«La sicurezza e la stabilità permangono fragili», ha detto
Benedetto XVI ai 176 ambasciatori accreditati presso la Santa
Sede. In un ampio giro d’orizzonte il Pontefice ha rilevato
gli strascichi dolorosi delle crisi medio-orientali (con le minacce
per la libertà religiosa «spesso compromessa»), la necessità
di dialogo per far fronte alle tensioni in Pakistan e Afghanistan
e l’impegno della Chiesa a favorire giustizia e pace in Somalia
e Kenya. Per quanto riguarda l’Europa, il Santo Padre è tornato
a chiedere attenzione per le radici cristiane e ha intrecciato
la sua riflessione con l’invito a rispettare la sacralità
della vita «troppo spesso ancora oggetto di attacchi»
di Rita Salerno
09.01.2008
C’è tutto il mondo in quelle otto cartelle che rappresentano uno dei pronunciamenti annuali più attesi del magistero petrino: dalle crisi africane alla violenta instabilità del Medio Oriente, dai Paesi asiatici devastati dalle catastrofi naturali ai contrasti non più eludibili in Myanmar e in Sri Lanka. Segni che «la sicurezza e la stabilità del mondo permangono fragili».

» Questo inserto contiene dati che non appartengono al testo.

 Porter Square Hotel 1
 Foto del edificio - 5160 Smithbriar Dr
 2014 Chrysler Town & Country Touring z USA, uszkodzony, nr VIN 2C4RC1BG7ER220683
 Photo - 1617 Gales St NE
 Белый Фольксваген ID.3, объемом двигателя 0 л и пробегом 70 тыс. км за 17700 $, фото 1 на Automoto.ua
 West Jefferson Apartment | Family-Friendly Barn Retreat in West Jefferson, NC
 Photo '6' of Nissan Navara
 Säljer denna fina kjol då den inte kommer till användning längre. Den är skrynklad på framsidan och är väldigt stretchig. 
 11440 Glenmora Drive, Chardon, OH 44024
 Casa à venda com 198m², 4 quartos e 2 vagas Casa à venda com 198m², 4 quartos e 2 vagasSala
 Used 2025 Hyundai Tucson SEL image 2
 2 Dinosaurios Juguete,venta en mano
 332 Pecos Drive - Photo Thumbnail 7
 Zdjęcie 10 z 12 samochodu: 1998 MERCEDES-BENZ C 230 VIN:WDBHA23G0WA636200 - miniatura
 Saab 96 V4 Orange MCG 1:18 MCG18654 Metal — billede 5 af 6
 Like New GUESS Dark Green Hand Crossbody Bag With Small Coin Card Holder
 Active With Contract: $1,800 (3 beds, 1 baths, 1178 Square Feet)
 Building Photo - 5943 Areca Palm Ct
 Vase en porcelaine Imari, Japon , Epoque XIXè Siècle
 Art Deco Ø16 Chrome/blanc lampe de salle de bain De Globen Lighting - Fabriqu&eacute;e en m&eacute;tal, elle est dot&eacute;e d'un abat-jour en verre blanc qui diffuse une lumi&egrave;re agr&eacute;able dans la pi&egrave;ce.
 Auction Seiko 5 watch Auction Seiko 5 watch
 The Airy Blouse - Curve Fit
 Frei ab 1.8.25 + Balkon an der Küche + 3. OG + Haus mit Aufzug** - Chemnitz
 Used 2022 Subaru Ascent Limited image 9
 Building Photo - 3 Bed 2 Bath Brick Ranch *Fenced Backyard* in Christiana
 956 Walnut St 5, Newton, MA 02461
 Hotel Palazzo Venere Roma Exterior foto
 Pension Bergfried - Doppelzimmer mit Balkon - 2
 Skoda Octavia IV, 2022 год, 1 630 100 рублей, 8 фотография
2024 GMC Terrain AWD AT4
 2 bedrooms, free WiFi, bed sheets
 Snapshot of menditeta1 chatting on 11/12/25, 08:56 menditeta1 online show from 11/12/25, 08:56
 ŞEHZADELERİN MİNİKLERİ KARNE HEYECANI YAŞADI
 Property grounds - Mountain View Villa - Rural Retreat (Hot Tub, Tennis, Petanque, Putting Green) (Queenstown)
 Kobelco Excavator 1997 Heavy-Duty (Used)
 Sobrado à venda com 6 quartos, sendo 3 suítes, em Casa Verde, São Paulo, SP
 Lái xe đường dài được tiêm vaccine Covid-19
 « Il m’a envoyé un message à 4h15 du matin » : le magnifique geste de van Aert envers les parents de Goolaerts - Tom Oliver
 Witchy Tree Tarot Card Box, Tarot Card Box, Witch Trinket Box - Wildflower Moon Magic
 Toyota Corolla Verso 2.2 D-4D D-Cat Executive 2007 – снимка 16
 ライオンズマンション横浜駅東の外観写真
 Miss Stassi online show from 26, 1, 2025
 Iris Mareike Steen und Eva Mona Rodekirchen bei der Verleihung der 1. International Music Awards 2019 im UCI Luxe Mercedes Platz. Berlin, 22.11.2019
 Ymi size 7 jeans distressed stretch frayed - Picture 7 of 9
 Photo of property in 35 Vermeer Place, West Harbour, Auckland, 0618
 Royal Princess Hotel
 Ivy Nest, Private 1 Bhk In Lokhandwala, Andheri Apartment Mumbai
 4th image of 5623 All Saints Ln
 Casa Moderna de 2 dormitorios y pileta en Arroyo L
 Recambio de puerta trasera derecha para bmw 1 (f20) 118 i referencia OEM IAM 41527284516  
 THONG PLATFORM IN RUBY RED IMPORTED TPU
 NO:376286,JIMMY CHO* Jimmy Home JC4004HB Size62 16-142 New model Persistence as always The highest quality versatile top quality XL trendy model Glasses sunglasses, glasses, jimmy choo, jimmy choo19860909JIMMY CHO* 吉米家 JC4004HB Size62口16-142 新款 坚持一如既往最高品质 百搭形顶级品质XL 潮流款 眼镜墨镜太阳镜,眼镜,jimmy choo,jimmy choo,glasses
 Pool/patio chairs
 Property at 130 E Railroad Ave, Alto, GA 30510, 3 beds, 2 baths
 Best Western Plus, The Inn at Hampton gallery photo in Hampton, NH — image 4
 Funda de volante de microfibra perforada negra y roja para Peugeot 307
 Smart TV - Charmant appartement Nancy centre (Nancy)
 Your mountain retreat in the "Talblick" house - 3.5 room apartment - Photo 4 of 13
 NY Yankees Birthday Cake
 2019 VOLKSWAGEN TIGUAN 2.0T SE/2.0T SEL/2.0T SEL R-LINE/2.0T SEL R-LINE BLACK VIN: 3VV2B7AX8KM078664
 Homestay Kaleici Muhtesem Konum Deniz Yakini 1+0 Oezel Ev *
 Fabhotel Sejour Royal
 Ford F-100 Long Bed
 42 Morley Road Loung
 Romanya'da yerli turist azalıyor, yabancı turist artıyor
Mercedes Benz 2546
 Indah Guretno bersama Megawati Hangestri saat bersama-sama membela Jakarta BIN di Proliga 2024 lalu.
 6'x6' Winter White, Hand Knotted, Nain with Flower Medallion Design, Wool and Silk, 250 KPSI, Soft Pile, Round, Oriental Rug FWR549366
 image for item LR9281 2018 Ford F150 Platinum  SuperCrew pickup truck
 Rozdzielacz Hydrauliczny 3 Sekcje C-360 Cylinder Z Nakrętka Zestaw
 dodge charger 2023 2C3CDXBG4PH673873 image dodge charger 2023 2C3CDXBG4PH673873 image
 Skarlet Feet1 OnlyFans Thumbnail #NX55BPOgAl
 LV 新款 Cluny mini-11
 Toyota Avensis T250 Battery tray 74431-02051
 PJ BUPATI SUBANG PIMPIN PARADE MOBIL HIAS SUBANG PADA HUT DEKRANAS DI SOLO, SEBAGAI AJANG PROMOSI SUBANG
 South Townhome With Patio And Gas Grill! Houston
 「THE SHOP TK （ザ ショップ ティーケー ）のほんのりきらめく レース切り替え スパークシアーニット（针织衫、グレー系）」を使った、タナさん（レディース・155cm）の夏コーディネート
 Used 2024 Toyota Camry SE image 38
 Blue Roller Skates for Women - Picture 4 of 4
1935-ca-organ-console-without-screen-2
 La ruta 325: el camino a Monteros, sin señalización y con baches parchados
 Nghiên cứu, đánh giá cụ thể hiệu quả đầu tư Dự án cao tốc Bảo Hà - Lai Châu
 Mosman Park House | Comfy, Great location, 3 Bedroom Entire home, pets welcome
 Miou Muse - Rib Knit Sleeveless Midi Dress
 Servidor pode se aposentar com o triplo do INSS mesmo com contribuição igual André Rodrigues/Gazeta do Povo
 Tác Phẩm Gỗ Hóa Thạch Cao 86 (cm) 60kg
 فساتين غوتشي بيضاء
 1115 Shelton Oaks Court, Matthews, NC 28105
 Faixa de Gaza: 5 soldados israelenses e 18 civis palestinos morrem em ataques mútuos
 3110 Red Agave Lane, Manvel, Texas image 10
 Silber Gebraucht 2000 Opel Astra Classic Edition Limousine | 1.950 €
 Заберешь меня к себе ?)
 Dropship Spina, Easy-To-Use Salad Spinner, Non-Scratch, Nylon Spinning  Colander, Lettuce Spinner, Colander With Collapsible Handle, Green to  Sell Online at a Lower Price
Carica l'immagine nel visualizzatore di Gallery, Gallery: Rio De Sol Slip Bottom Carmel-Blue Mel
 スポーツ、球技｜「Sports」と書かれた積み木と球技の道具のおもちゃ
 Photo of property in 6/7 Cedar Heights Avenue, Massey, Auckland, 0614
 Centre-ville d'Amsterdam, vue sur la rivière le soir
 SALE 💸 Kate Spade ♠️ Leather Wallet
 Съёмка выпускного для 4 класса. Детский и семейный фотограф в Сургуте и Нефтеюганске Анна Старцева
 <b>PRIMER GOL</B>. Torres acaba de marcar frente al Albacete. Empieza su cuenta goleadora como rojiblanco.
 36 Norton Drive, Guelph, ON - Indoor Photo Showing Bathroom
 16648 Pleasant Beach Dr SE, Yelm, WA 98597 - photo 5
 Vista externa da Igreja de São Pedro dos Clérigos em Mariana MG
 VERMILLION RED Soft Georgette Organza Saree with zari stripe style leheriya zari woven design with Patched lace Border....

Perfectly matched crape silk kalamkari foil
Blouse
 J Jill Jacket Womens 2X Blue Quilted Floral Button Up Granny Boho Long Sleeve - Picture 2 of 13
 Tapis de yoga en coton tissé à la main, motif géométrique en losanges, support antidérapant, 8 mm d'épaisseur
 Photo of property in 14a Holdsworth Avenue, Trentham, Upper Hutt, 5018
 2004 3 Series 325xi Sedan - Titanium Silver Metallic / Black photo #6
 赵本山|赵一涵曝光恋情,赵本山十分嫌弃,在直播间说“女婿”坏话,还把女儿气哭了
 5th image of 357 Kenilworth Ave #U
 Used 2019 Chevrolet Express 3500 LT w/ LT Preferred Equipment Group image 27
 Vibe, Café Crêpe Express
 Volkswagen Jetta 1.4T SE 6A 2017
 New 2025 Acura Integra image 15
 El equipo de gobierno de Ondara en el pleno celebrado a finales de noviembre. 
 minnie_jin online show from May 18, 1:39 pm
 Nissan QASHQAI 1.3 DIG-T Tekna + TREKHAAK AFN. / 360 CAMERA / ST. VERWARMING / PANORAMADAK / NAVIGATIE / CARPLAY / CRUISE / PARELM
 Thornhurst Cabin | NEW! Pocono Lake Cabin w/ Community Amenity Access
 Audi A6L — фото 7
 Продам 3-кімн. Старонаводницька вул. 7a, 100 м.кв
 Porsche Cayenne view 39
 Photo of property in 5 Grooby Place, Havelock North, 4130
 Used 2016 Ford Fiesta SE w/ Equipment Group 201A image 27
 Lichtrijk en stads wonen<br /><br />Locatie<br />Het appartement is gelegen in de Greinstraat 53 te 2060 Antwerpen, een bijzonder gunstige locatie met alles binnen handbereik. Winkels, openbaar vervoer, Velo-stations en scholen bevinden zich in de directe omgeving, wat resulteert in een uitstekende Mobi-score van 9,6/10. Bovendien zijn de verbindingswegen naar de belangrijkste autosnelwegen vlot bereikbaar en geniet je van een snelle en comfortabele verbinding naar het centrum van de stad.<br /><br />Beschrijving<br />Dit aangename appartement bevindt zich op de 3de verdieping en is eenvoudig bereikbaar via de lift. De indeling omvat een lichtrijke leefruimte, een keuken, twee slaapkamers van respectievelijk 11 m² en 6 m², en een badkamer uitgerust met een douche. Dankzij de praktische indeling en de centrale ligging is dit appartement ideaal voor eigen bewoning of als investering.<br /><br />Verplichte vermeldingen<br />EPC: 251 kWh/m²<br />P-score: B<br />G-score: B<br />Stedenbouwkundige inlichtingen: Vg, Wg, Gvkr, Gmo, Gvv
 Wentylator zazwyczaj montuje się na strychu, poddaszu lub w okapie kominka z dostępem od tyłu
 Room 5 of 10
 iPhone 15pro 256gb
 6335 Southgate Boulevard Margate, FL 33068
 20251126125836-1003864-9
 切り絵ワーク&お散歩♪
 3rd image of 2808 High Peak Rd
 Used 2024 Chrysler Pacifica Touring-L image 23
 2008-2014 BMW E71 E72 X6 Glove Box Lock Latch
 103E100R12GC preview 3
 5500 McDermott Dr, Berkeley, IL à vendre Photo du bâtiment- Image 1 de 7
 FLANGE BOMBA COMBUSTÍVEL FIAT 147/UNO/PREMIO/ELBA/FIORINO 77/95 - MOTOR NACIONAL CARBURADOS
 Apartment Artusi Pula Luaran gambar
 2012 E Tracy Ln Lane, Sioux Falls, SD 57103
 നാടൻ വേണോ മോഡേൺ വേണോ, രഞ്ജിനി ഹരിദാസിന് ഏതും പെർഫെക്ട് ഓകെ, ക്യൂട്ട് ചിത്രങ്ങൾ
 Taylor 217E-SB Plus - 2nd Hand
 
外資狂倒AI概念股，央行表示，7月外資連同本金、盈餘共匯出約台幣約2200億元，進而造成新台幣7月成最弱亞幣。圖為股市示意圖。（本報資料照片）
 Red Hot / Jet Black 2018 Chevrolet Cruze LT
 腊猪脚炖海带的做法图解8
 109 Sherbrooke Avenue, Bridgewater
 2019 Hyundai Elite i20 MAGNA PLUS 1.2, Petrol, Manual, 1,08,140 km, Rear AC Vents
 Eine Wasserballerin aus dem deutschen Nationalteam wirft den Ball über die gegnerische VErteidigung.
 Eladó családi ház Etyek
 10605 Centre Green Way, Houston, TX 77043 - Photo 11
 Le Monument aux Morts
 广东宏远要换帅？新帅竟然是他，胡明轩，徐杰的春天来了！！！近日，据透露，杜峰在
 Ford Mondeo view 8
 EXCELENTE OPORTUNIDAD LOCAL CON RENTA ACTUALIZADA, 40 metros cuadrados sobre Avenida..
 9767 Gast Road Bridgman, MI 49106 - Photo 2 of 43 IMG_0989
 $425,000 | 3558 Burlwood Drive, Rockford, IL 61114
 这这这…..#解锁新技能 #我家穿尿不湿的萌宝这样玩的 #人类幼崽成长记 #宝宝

Il discorso che Benedetto XVI ha rivolto il 7 gennaio ai 176 ambasciatori accreditati presso la Santa Sede è tutto in chiave di speranza. Non mancano l’aspirazione del mondo alla pace e l’esigenza che le Nazioni collaborino per aumentare la sicurezza. Spiccano la moratoria sulla pena di morte e l’invito a un dibattito pubblico sul carattere sacro della vita.
È un giro d’orizzonte ampio e articolato, quello offerto dal Papa, che ha denunciato le ombre, i drammi che attraversano il pianeta e le luci rappresentate dai passi avanti messi a segno a varie latitudini. I primi sette paragrafi dell’intervento sono una fotografia della situazione dei cinque continenti.
A irrompere tra le pagine sono gli strascichi dolorosi della cronaca internazionale più recente: gli attentati in Iraq e il conflitto israelo-palestinese. Spunti per un appello del Papa sulla libertà religiosa «spesso compromessa»: «Attualmente gli attentati terroristici, le minacce e le violenze continuano, in particolare contro la comunità cristiana – ha rimarcato -. È evidente che resta da tagliare il nodo di alcune questioni politiche. In tale quadro, una riforma costituzionale appropriata dovrà salvaguardare i diritti delle minoranze».
Preoccupazioni e auspici si mescolano alla parola «riconciliazione» declinata nei suoi diversi aspetti. Accanto all’invito alla comunità internazionale «a sostenere israeliani e palestinesi con convinzione e comprensione per le sofferenze e i timori di entrambi», si fa spazio la richiesta di dialogo per il Libano, per il Pakistan e per l’Afghanistan, nel quale «alla violenza si aggiungono altri gravi problemi sociali».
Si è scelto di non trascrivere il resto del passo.